# CKC obedience rule changes, 2012



## petpeeve (Jun 10, 2010)

As some of you may know, the CKC has decided to implement numerous OB rule changes, effective Jan 1 2012. This hasn't been set in stone .. yet, .. but is fully expected to pass without opposition or further delay.

There are many changes, but the most prominent ones are as follows:

Novice SFE will now be performed off-leash.

Novice Intermediate will no longer have an honour excercise.

Open "B" will vary the order of the excercises.

Utility will be split into two classes "A", and "B". The "B" class will vary the order of the excercises. Scent articles with any number will now be acceptable, as opposed to the previous requirement of being numbered 1 through 6.

In addition, there are some amendments / deletions to the wording regarding whether 'trainers' are eligible in certain classes etc., clarification of definitions regarding venues and show precincts etc., use of certain collars within those venues etc., stewards will not touch scent articles, dumbells or articles will not be left on table but rather will be given to steward upon entry to ring, and must be removed from stewards table immediately upon exit from ring, .... etc etc ..... There are other changes that I'm probably overlooking at the moment, relatively minor in nature, that will be implemented as well. 

Most of these changes will bring the new CKC format much closer in line to the current AKC format, with some slight differences remaining. ie: seek back rather than directed retrieve, duration of stays, etc.

New rule books will be available on Dec 1, I believe. Information will also be available via CKC website as of Dec 1. The amendments are waiting for final approval by the board, but all changes are fully expected to pass. 

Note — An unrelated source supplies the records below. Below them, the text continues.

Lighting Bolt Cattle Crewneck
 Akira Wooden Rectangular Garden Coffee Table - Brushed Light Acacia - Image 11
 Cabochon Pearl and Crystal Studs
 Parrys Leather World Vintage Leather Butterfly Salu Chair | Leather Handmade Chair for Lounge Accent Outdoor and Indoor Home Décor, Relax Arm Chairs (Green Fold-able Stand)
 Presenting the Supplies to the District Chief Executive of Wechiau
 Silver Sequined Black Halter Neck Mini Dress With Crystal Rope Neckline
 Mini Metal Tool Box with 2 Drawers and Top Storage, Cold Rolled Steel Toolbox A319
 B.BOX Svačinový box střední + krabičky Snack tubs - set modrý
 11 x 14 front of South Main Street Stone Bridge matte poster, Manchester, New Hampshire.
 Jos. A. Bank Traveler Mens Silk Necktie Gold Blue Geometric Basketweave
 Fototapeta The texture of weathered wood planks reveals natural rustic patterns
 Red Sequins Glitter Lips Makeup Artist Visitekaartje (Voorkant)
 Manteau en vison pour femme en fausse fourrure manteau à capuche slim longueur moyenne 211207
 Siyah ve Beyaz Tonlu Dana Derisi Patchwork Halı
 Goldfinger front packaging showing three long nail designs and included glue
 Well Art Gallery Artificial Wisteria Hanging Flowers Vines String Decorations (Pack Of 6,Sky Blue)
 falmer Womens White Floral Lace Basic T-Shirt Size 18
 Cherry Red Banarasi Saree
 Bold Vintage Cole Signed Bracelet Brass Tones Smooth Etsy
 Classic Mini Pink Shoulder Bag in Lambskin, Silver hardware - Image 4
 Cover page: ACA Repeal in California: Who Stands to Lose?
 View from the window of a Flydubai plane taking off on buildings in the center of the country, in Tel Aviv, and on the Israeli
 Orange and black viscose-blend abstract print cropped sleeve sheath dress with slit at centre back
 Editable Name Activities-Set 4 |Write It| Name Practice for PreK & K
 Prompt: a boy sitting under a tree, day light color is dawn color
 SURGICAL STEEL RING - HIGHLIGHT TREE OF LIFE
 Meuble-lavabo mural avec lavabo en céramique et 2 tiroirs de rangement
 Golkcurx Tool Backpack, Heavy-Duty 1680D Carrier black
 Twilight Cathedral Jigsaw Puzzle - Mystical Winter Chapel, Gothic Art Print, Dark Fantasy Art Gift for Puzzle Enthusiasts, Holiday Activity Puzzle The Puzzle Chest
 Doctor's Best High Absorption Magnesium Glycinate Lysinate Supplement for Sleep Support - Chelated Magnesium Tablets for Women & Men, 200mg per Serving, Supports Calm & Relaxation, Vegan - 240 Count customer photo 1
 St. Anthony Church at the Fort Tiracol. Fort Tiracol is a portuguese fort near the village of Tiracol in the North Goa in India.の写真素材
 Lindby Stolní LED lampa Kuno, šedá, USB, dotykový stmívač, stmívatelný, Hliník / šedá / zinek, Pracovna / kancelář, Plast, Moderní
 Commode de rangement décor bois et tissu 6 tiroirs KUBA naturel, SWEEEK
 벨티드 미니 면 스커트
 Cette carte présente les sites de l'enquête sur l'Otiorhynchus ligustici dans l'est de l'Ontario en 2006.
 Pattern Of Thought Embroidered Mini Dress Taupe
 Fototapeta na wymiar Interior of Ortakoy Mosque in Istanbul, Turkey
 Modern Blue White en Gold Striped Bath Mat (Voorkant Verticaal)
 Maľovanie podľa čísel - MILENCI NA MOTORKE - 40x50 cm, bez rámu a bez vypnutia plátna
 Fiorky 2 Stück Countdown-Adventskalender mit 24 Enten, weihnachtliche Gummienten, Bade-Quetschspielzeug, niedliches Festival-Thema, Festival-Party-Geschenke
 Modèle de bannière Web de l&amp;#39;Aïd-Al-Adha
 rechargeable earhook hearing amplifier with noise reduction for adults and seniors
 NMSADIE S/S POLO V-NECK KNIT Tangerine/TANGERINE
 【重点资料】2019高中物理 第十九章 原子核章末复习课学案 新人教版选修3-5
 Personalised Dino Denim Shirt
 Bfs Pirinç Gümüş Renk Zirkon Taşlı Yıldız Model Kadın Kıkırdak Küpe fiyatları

All in all, I believe the changes are for the better, at least from my own personal perpective, I'm looking forward to them. Also looking forward to the side-benefit of seeing more AKC competitors making the journey into Canada for CKC titles , maybe even achieving the highly-coveted Canadian GMOTCh .... hopefully. 



Best of luck to everyone, under the new rules.


----------



## ~Flying Coolie~ (Oct 22, 2011)

I had heard... they had implemented the rule that dogs are allowed to wear sweaters/coats while doing obedience... Have you heard this???


----------



## Dekka (Mar 20, 2010)

I don't do CKC but NAMBR (or at least I did when I wasn't a poor student lol) I hope NAMBR follows through. We already had the off leash SFE. But changing up the order of open might help when I eventually go back to get the one leg we need lol. I have a JRT who brings the dumbell back just fine after RotF, but knows its going away after the RotH. He loves retrieving (which is funny he showed zero interested till I trained him, specifically for obedience). Even though in correction matches I have varied what we do, he still tried handing the dumbell to different people... the judge, the ring steward after the RofH. I think the changes are good.


----------



## petpeeve (Jun 10, 2010)

~Flying ******~ said:


> I had heard... they had implemented the rule that dogs are allowed to wear sweaters/coats while doing obedience... Have you heard this???


Ya, I don't really know what's up with that one. Not my most favourite change. I suspect it has to do with short-coated breeds (Chinese Crested etc) during the stays. My understanding was that the council members had to make compromises to suit competitors nation-wide, in all climates, so maybe that's it. However, I feel it may give some an unfair advantage (ie: thundershirts), which would be somewhat the same as doping your dog IMO. Whatever. 

.... I did hear that no 'advertising' or brand symbols etc will be permitted; plain shirts / sweaters only.


----------



## petpeeve (Jun 10, 2010)

Dekka said:


> I don't do CKC but NAMBR (or at least I did when I wasn't a poor student lol) I hope NAMBR follows through. We already had the off leash SFE. But changing up the order of open might help when I eventually go back to get the one leg we need lol. I have a JRT who brings the dumbell back just fine after RotF, but knows its going away after the RotH. He loves retrieving (which is funny he showed zero interested till I trained him, specifically for obedience). Even though in correction matches I have varied what we do, he still tried handing the dumbell to different people... the judge, the ring steward after the RofH. I think the changes are good.


Well, there's one team who can likely benefit from the changes . I don't know whether you fit the entry requirements of the "A" class, but you might want to consider entering the "B" class regardless, as the "A" class order remains unchanged. 

Best of luck getting your third leg.


----------



## Dekka (Mar 20, 2010)

I started obedience in B lol. I have never in my life got to be in an A stream anything. I started teaching family dog classes for the local obedience club while waiting for my dog to be old enough (NAMBR its a year) so into B I went. 

Thanks. I haven't competed in obedience in years... All my entry money seems to go to agility, terrier trials, rally and racing in that order. I hope to get back to it. My thought is obedience isn't that hard on the dog and might be a good sport to dabble in when the dogs get older.

I heard they were changing the Otch requirements. Is that true?


----------



## petpeeve (Jun 10, 2010)

Dekka said:


> I heard they were changing the Otch requirements. Is that true?


... trying to recall, but to the best of my recollection, no. Not as far as 'requirements'. However something does stick out in my mind regarding OTCh dogs being able to compete in Novice "C".

Could be though. Maybe someone else with the inside track can answer.


----------